When comparing inter-level differences in windows transparency using Wilcoxon signed rank tests, we found that level 5 work-related content (O), entertainment (E) and social media content (S) received a statistically significant higher opacity than their counterparts in level 3 (O: p=002, E: p<.001, S: p=.003). We believe that since take-over requests are not needed or even possible in fully automated driving, “drivers” tend to focus on in-vehicle activities such as reading emails, watching movies etc. which require less transparent windows.

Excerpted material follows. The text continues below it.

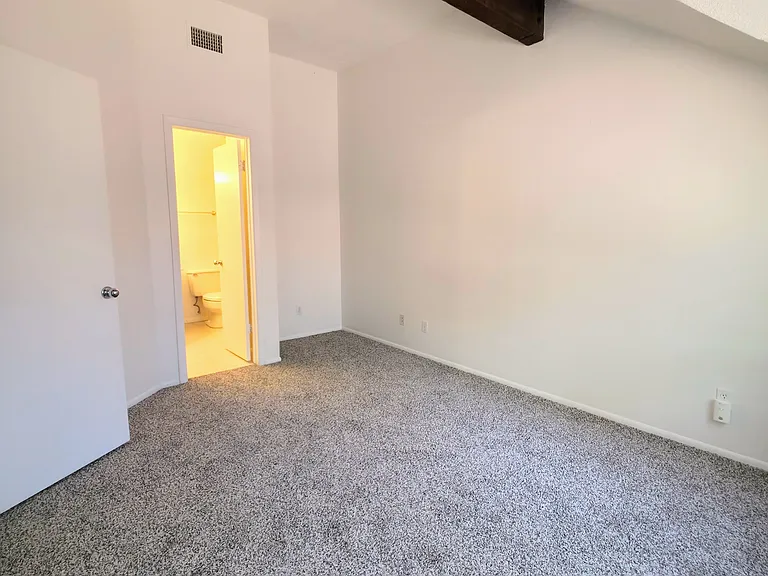 2324 N Whispering Pines Way #1 — Photo 31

Furthermore, we wanted to find out if there is a correlation between the parameters area and transparency. We did not find relevant area-transparency correlations for level 3 automation. However, for the level 5 scenario, we found weak positive correlations for the content types work-related content, entertainment and social media content (O: ρ=27.9%, E: ρ=30.8%, S: ρ=27.1%). In these cases, larger windows were attributed with a higher opacity by the participants.

4.4 Importance

We further investigated the importance resp. priority for each drawn window. Participants were able to subjectively rate their drawn windows. The highest priority was 1, the maximum priority was determined by the number of windows and it was possible to rate windows as equal. This procedure was done by the participant or experimenter by dragging the window layers on the right side of the screen into the desired order.

Figure 6

Importance preferences for each content type for level 3 (blue) and level 5 (orange) automation (lower values represent higher priority).

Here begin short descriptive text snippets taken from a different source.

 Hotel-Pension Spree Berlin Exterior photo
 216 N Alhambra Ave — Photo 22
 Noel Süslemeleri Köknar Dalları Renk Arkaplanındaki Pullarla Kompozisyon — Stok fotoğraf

Figure 6 shows the subjectively given importance results for level 3 and level 5 for each content type. Lower scores are better/indicate a higher subjective priority. One can instantly see that warnings received the highest importance for both level 3 and level 5 driving. Since also here the number of data points for each content type varies we again conducted pairwise comparisons using Wilcoxon signed rank tests with an alpha-adjusted significance level of .003‾. Warnings W were rated to be significantly more important than vehicle-related dashboards V (p<.001), work-related content O (p<.001), entertainment windows E (p<.001), and social media content S (p<.001). Vehicle-related dashboards V were significantly more important than work-related content O (p<.001), entertainment E (p<.001), and social media windows S (p<.001), and finally work-related content O was more important than social media S (p=.002).

In level 5 driving we obtained a similar result: warnings W were more important than vehicle-related dashboards Vp<.001, entertainment E (p=.001), and social media windows S (p<.001); work-related content O was rated to be more important than social media S (p=.002). Regarding the inter-level difference between the content types and their perceived importance (based on an alpha adjusted significance level of .0083‾), warnings (W, p=.003) and vehicle-related dashboards (V, p=.002) received a significantly higher priority in level 3 than in level 5. No other differences between the level of automation could be evaluated.

Figure 7

Heatmaps for level 3 (top) and level 5 (bottom) automation; differentiated by young (left) vs. elderly (right) drivers.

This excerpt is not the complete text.